Task goal
Print the lines that run from the line with "Wool Printed Flower Pocket Square Wine" to the line with "New Korean Fashion", keeping both end lines, exactly as they appear in the entries below, and nothing else.

Task input
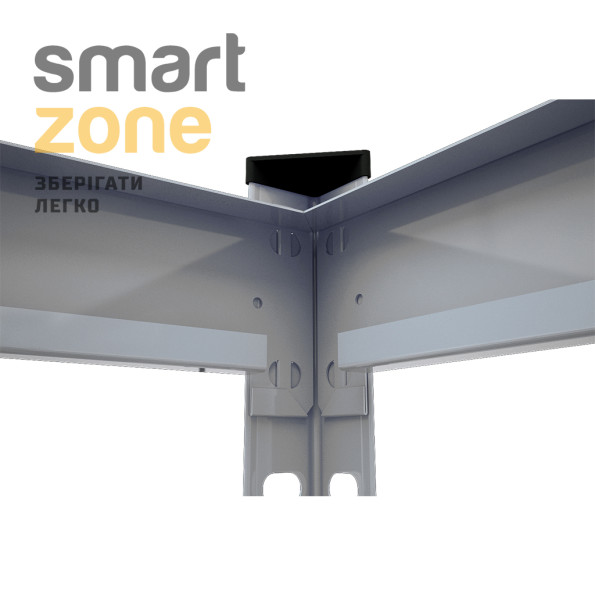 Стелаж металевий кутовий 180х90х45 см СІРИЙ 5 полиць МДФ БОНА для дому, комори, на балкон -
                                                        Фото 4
--
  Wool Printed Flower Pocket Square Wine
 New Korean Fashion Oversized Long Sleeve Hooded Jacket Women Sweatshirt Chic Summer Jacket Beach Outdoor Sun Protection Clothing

Response to the task
  Wool Printed Flower Pocket Square Wine
 New Korean Fashion Oversized Long Sleeve Hooded Jacket Women Sweatshirt Chic Summer Jacket Beach Outdoor Sun Protection Clothing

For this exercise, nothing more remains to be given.